Setting the tone for a kind, peaceful way of speaking to ourselves is crucial, especially for those with perfectionism. Also, setting small, reasonable goals is key. It might do us good to aim for some achievements, but these kinds of achievements should be about prioritizing sleep and rest; carving out some personal time; eating nutritious, energizing food; and other things that make us feel whole (per Mother). We need to especially let go of any bogus pressure to bounce back weight-wise, which will only make us feel more upset and frustrated, as Women's Health points out.

Walking away from critics

While we can be our own worst mom-shamer, external voices can be utterly overwhelming to deal with as a mother, particularly when we're feeling ambivalence. People seem to have (unhelpful) opinions about everything, from breastfeeding to body recovery, on top of the expectation that the experience is supposed to be one of the best in a woman's life. Via Verywell Family, Dr. Carly Snyder explains that walking away from mom-shamers is the best solution. "Often, the best thing to do is disconnect from the conversation," she says. "You don't have to justify or explain your parenting to anyone —you're doing your best."

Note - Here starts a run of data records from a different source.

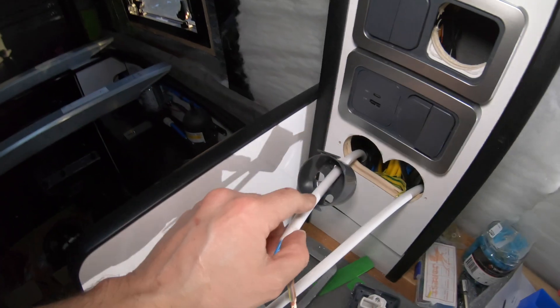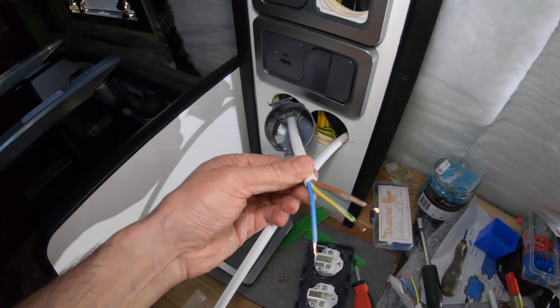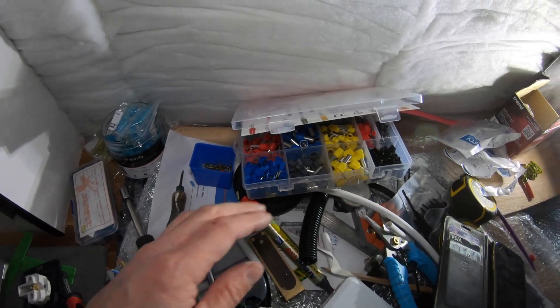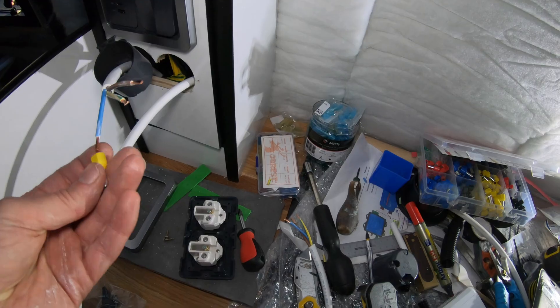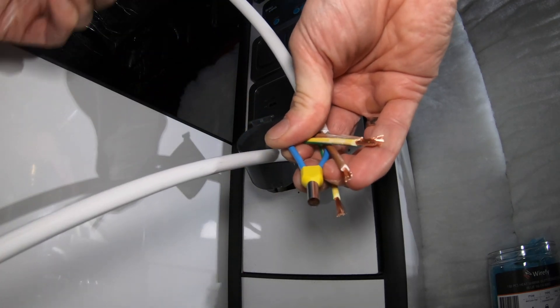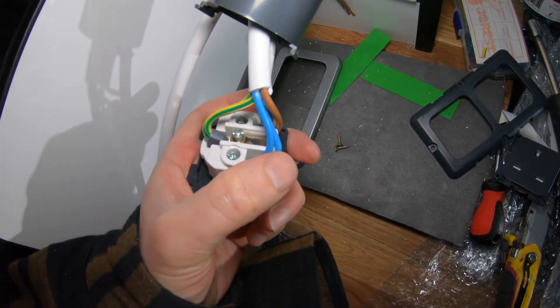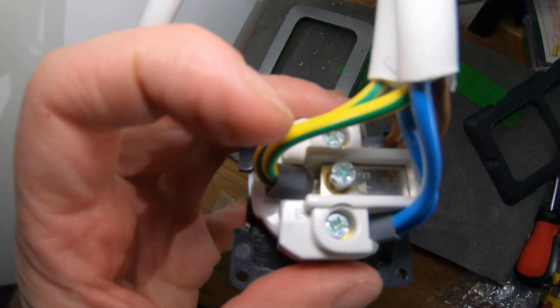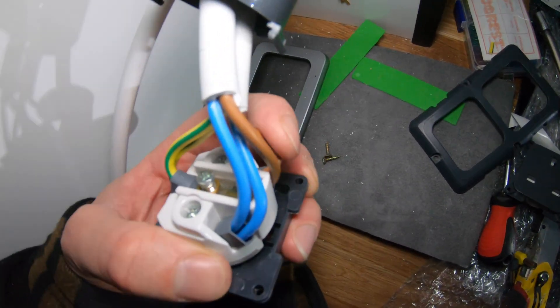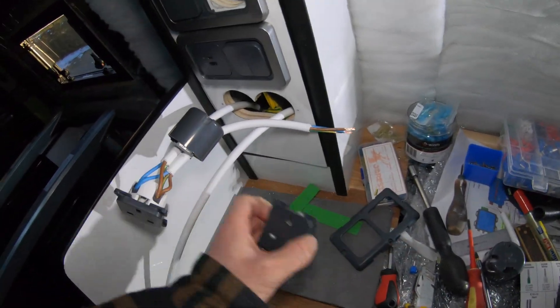I'm going to wire in the 230 volt plugs next. I've got a radial circuit — this loop goes back to the inverter, loops into a second socket, then on to the socket at the front. I've got these two-into-one ferrules so I can get two cables crimped together into the socket. Got my two earths, two lives, and two neutrals. Neutrals are blue, earths are yellow and green, live is brown.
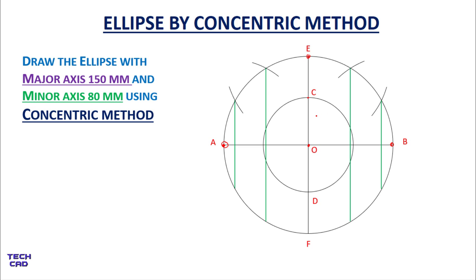Now divide the inner minor-axis circle into 12 equal divisions the same way. Open your compass with radius OC and place it at point D, marking arcs at each position around the circle. Then draw horizontal lines from all these arc intersections. In this way you can also divide the inner circle into 12 equal divisions.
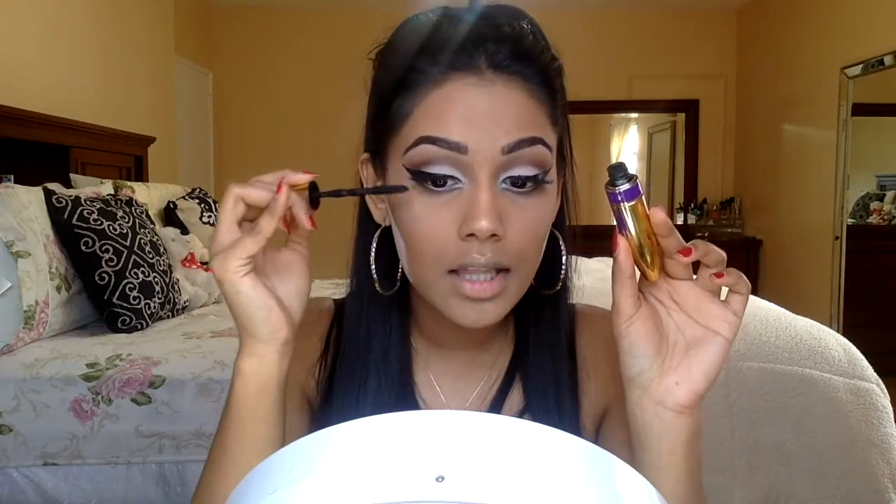For my inner tear duct highlight, I'm taking another white shadow and carefully placing it in that socket area, really building it up. I'm going in with mascara — the Maybelline Big Shot — on both my top and bottom lashes. The eye look really doesn't look good until you apply mascara. I packed on a lot on my bottom lashes; if you don't have many bottom lashes, I'd suggest applying some falsies under there to really make the look pop.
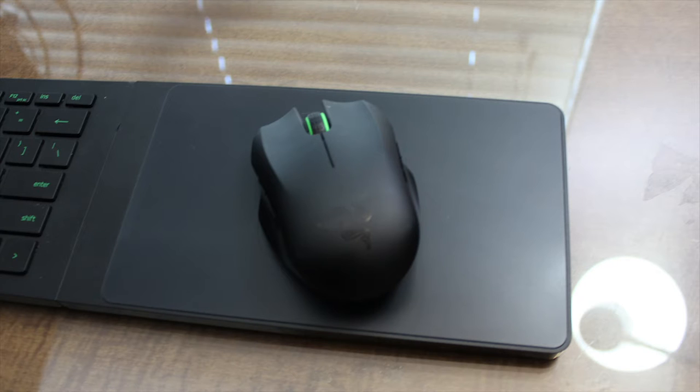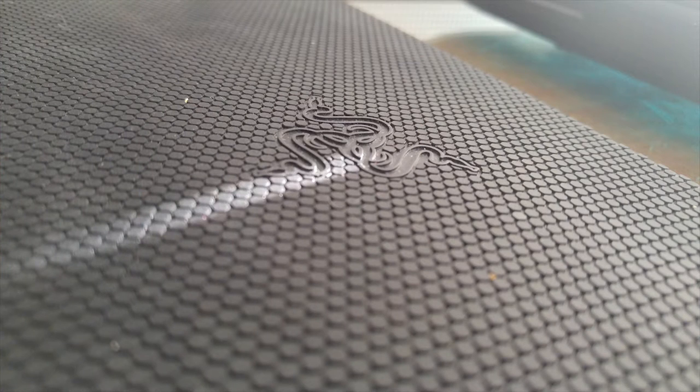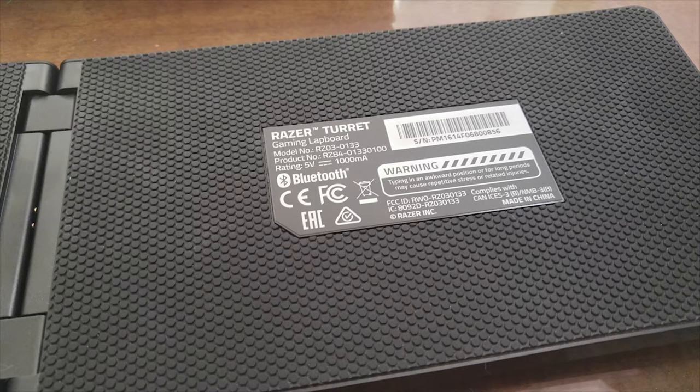I really like the unit. I think it's worth the price, and I would recommend it. The first thing that is important to say is that it is sturdy. This rubberized, grippy material on the bottom does a really good job of catching onto clothes and onto blankets, even skin, while remaining comfortable. It doesn't wobble because of that friction.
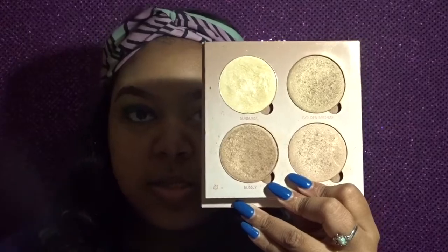I already have my right side partially done, so I'm just going to start over here on the left side. First thing I'm going to do is start by highlighting my brow bone, and I'm using the color Sunburst from the Anastasia Beverly Hills palette.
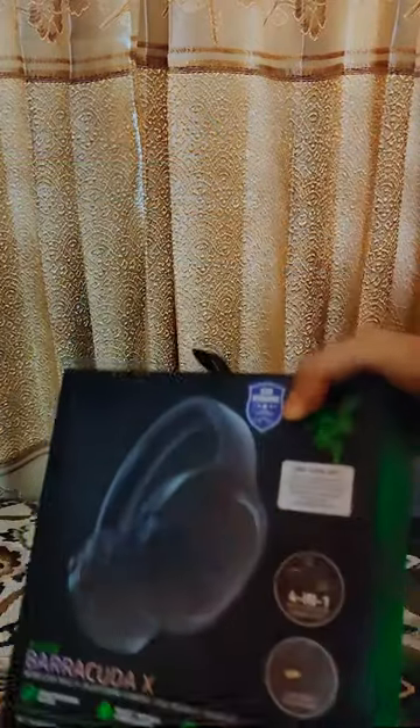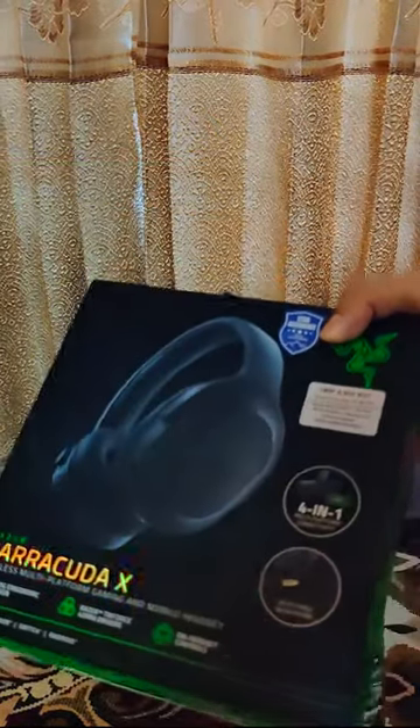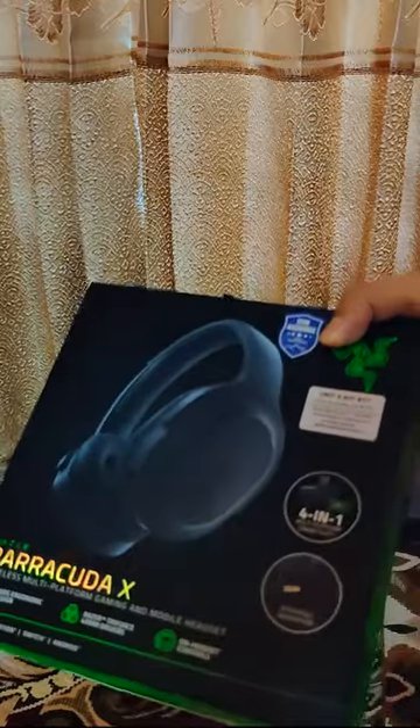Hey, it's me doing a voiceover for the first time. So this is the Razer Barracuda X. They named it after the fish Barracuda — that is the same fish which killed the mole's mother.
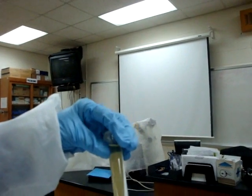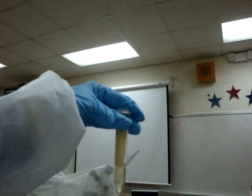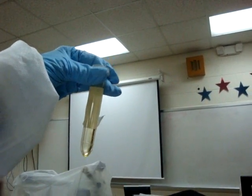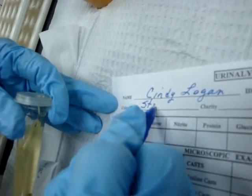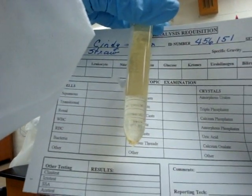Now we are ready to read our urine color. If we look at the urine color we may have to remove the label a little bit so we can see it. This is a pale yellow, or straw — we could call it either one — and we will write the color. We can tell that it is clear because we can read through it, so we will write down clear.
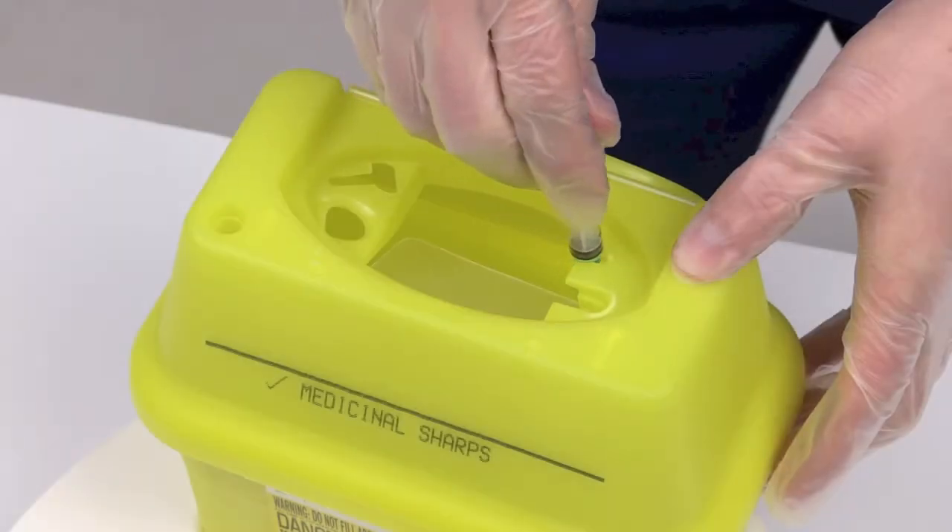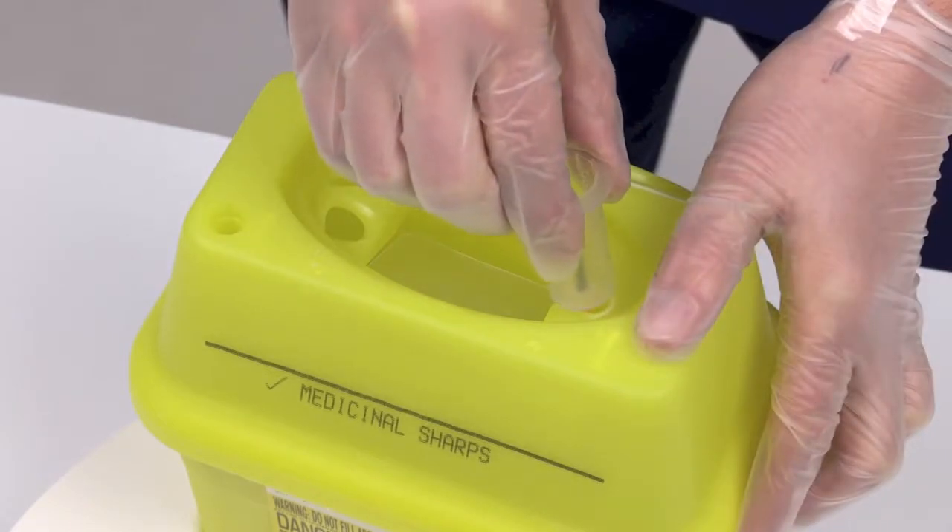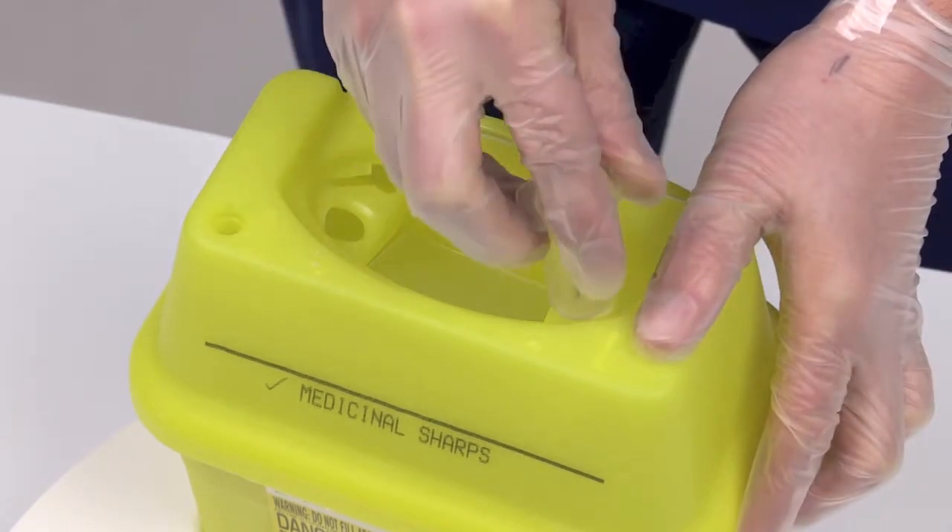If your protocol allows for the disconnection of sharps, you can separate the needle from the syringe by utilising the removal features on the SharpSafe container.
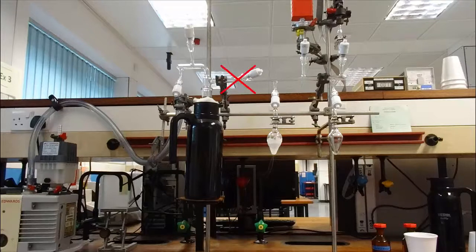Before beginning the experiment we securely close the pump tap to isolate the line from the vacuum pump. The sample is fully immersed in a salt ice bath at around minus 10 degrees Celsius and allowed to gently warm. The pressure at several temperatures is noted for subsequent analysis.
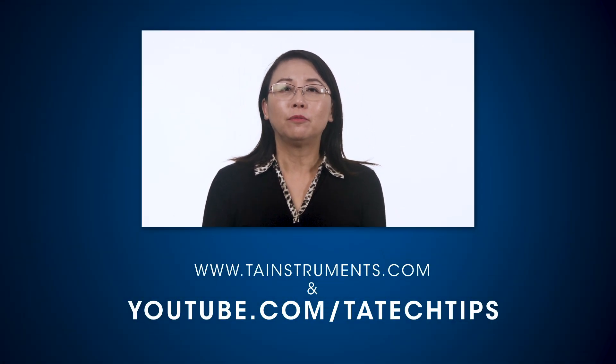In this TA Tech Tip, we have demonstrated how to set up the relative humidity accessory on a DHR rheometer. Please stay tuned for more TA Tech Tips and thank you for your interest.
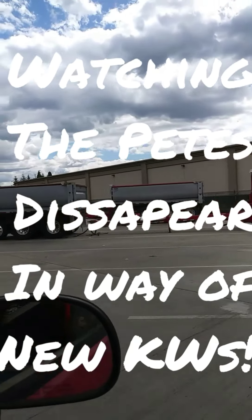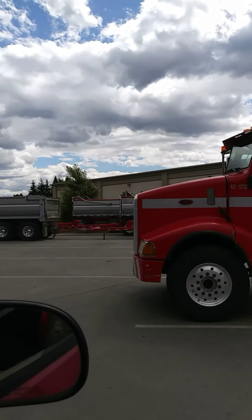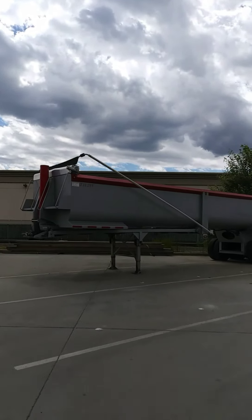We are getting off some new trucks. Oh, there's old Spooky without a tractor.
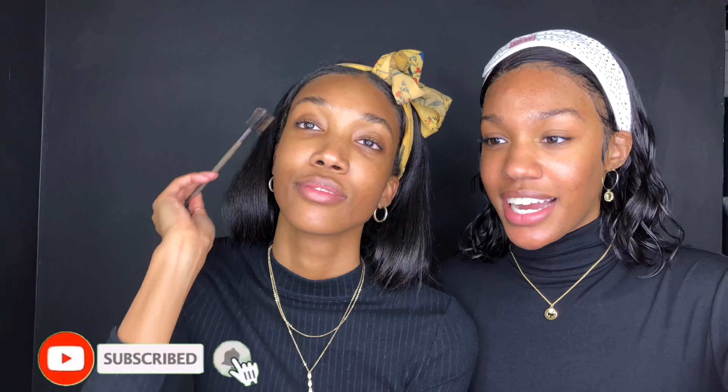Welcome back to our YouTube channel! We're going to be doing holiday glam today. Our little setup is so cute — I wish you guys could see it. Asha made me put this bow on my head; I wanted her to look formal and fancy. Let's get started!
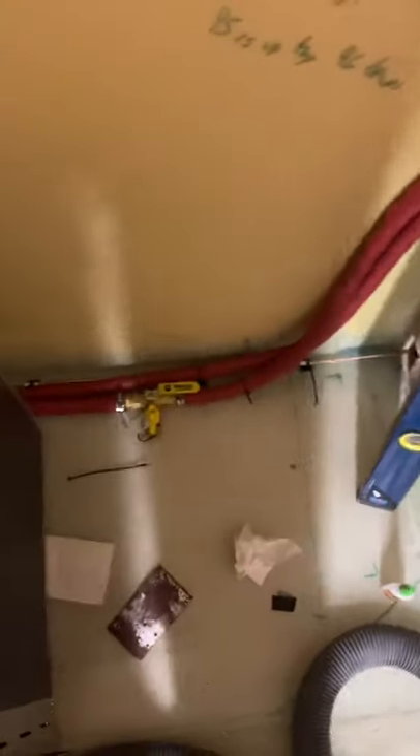Those lines run through here, which is a maintenance locker. Then they run through there, and that's a drain valve. This is going to be the back of the kitchen cabinets area. Here's where the refrigerator will be.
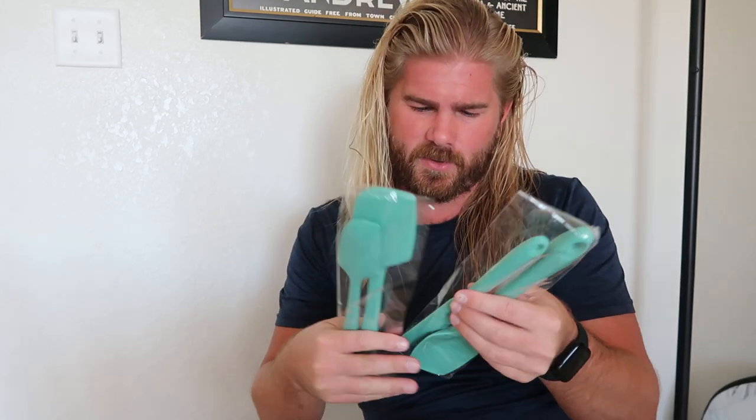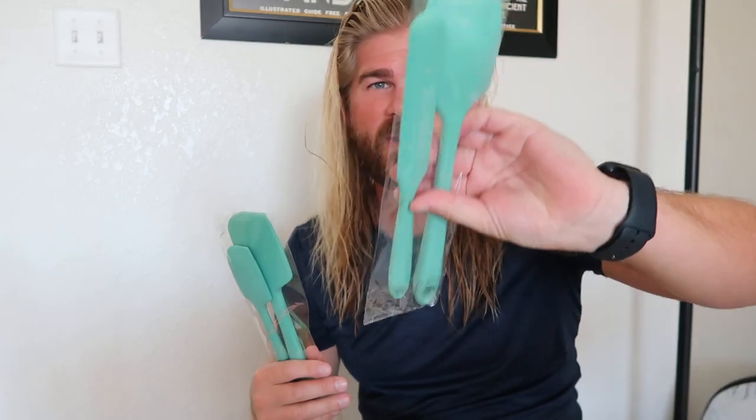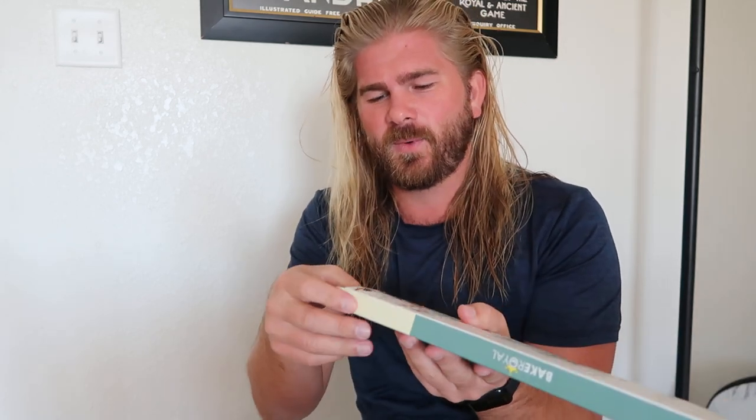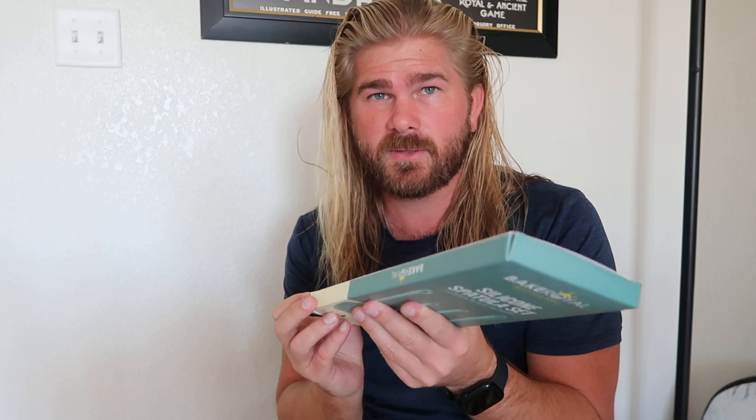We got this for my parents and it comes with four pieces. I don't know any of the names of these things or their actual purpose, but we use them for everything inside the kitchen. We loved them so much that we ended up buying a set for my parents because the set they have at their house is not very good, and we wanted to make sure they had one that actually is good.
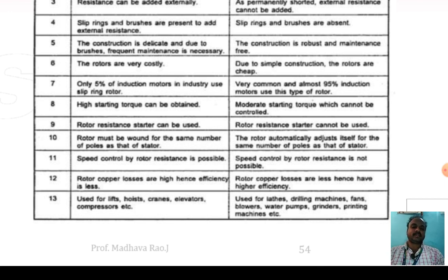Rotor resistance adjustment is not possible in squirrel cage type rotor. Rotor copper losses are high and efficiency is less in slip ring rotors, whereas rotor copper losses are less and efficiency is better in squirrel cage type rotors.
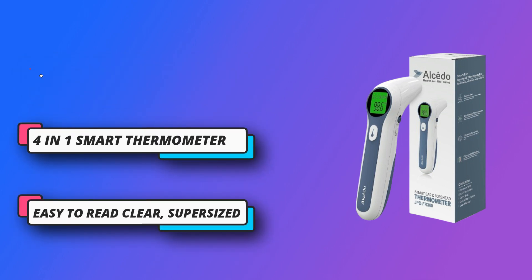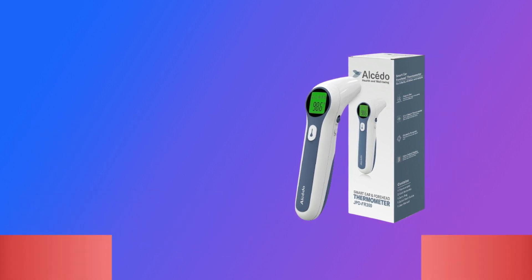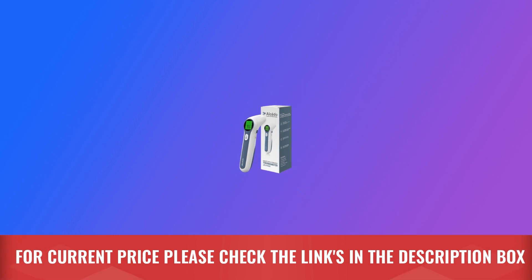4-in-1 Smart Thermometer offers 4 temperature measurement modes: adult forehead mode, child forehead mode, ear mode, and object mode. For current price, please check the links in the description box.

But as more and more mothers open up about maternal ambivalence, the stigma can lose its grip. Elle Wang spoke to The New York Times about her slow bond with her child. "It took me some time. It took my husband some time. It took the baby himself some time! The baby needs a moment, too," she said. "And I think if we have an honest conversation about it, it can save some people heartache." Honesty might be the most powerful tool we have when it comes to maternal ambivalence. It's natural and means nothing when it comes to quality parenting.

But if someone wants to seek out support, there are options. There are several resources to continue researching maternal ambivalence. Plus, counseling can be hugely beneficial as licensed counselor Susannah Baldwin notes in Counseling Today. She points out that mothers are so busy mothering that they also need to feel cared for, too.